Task details>
Find the line with "2230 Manor Creek Ct — Photo 33" in the entries below, then output every line from it down to the line with "İki inci, iki", exactly and with no pictures.

Source information>
──────────────────────────────

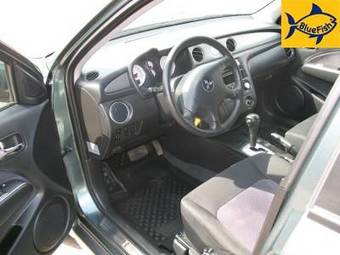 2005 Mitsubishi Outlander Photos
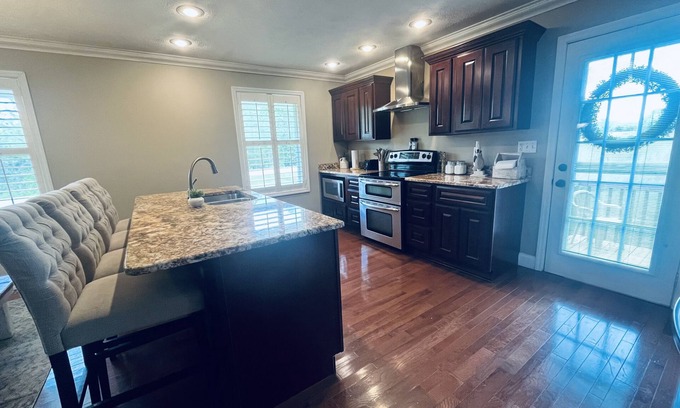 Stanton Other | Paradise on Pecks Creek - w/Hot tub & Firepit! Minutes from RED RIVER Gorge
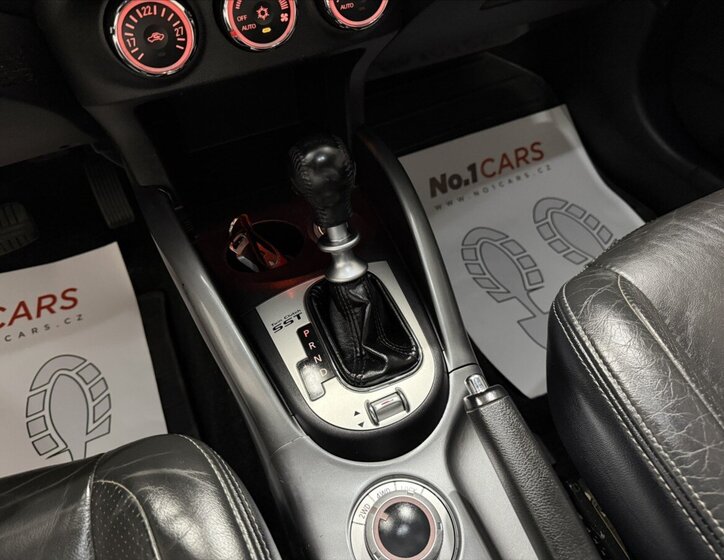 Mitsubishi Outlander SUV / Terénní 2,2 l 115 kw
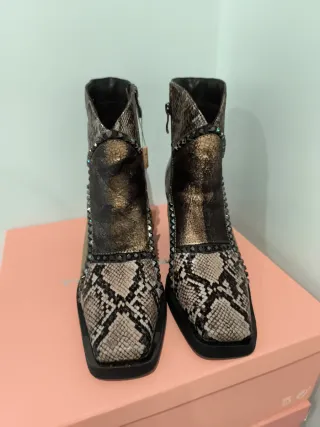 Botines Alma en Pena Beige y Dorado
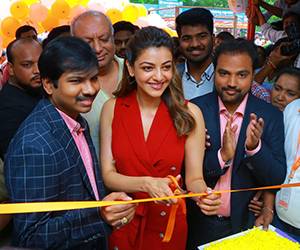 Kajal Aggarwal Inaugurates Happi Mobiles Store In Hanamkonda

──────────────────────────────

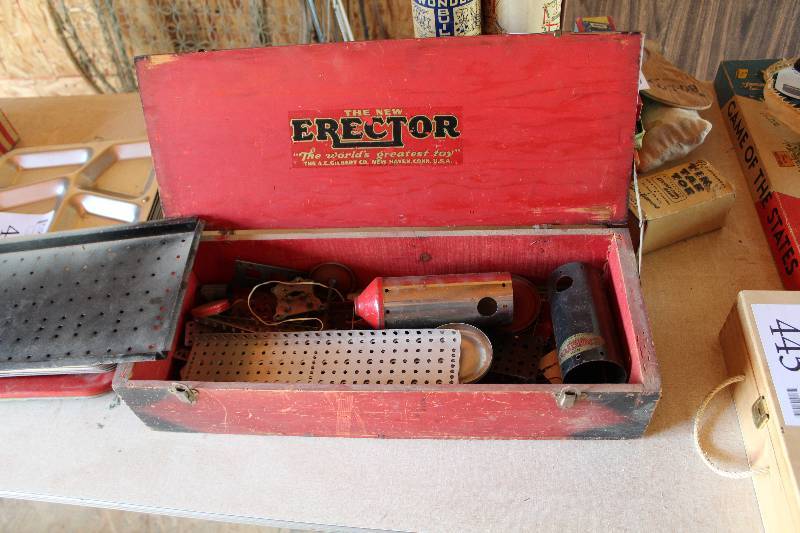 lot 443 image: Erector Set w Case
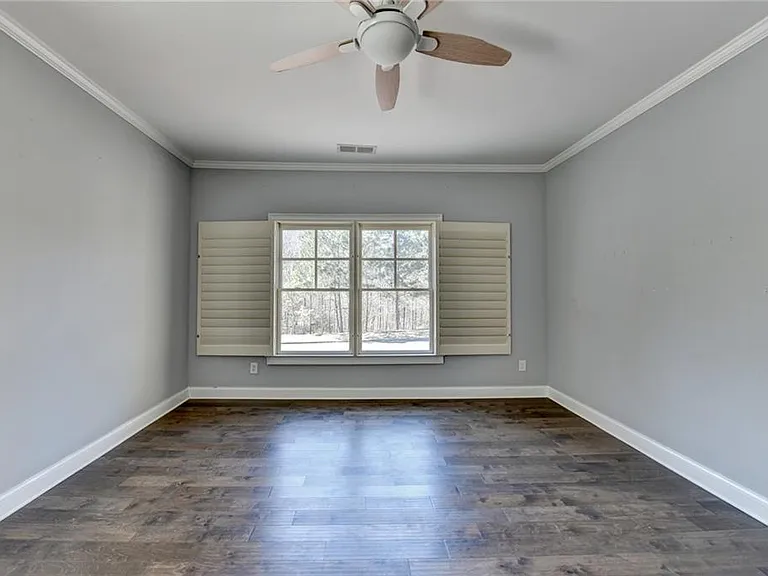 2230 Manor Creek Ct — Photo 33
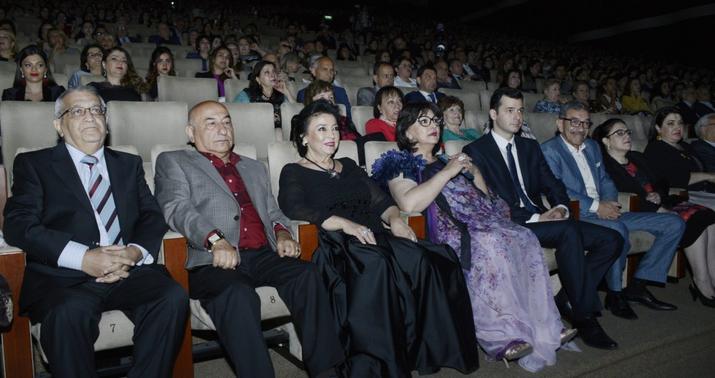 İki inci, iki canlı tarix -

──────────────────────────────

Output of the task>
 2230 Manor Creek Ct — Photo 33
 İki inci, iki canlı tarix -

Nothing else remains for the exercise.